I’m not sure that it’s Red vs. Blue. (It’s still hard for me to realize we are now in an age when red is the color of conservatism.) The choice of Arne Duncan leaves me sad, but maybe he’s “purple”? I hope so. I’ll wait to comment until all the education positions are filled.

There’s another axis of ideas that may cross lines on some of the issues that most concern us. We’re lined up, for example, on different issues in different places; for example, with regard to “who should decide what?”

There are complicated balances embedded in this question that are increasingly being decided centrally. I think you worry more about the lack of expertise of those making decisions, and I worry more about even the wisest of educational czars telling parents, teachers, and communities what and how to teach. On this one I’m often allied with traditional conservatives! You seem split depending on whether it’s “how” (pedagogy) or “what” (subject matter). We’ll get back to this in 2009.

The idea of equity has a more obvious Red/Blue axis. Except that some of the new defenders of equity seem only interested in equalizing test scores. I just finished reading an extraordinary piece by T. Elijah Hawkes (a NYC school principal) in Schools Studies in Education, published jointly by the Francis W. Parker School in Chicago and the University of Chicago Press. He says it better than I can. I urge everyone to read it.

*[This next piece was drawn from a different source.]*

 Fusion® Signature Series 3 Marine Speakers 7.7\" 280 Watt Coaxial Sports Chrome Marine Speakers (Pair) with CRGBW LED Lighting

The egalitarian mission that I grew up thinking was as American as apple pie has disappeared. Entirely gone for the Reds, but not so much brighter for many Blues. We are no longer the land where working men and women are middle class in anything but a rhetorical sense and where the urban poor have disappeared; we’re no longer the most socially mobile nation on Earth. Making AYP has replaced all our other lofty goals.

(Incidentally, my old Boston school—Mission Hill—missed making AYP again. Not because of test scores, but because less than 95 percent participated. We do allow parent opt-outs, and one family too many exercised that right.)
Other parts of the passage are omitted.